Republican senators are raising the stakes in an emerging game of Cabinet chicken, vowing to block a candidate for U.S. secretary of state.
President Barack Obama is keen on nominating U.N. Ambassador Susan Rice to become America’s next top diplomat. But Republicans say she’s unqualified because she bungled the public response to the deadly Sept. 11 attack on a U.S. consulate in Benghazi, Libya.
Obama administration officials earlier this week appeared to be floating trial balloons about nominating her for secretary of state and Sen. John Kerry, D-Mass., for defense secretary. But it is increasingly apparent that doing so would spark a fight and could lead to a confirmation defeat for Rice.
“We would do everything in our power to block the nomination,” Sen. John McCain, R-Ariz., told reporters at a joint Nov. 14 press briefing with fellow GOP Sens. Lindsey Graham of Arizona and Kelly Ayotte of New Hampshire.
The trio’s threat came one day after other Republican senators indicated Rice’s role in offering an incorrect explanation in the immediate wake of the attack could keep her from becoming secretary of state.

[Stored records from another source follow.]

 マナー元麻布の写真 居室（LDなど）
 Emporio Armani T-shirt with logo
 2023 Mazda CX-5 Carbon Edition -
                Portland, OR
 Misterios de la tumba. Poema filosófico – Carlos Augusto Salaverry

“I’m concerned about the fact that she went on the Sunday [morning political talk] shows and said this was the result of a spontaneous uprising,” Sen. Marco Rubio, R-Fla., said. “Obviously, she based those comments on directives or information she received from someone, and it’s important to know who that directive came from and what that information was.”
Sen. Bob Corker, R-Tenn., who could become the top Republican on the Foreign Relations Committee after the new Congress is seated in January, said, “I’ve had conversations with the CIA, and my sense is they were also baffled by her comments.”
A few hours later, during a rare White House press conference, Obama became furious when asked about the McCain threat.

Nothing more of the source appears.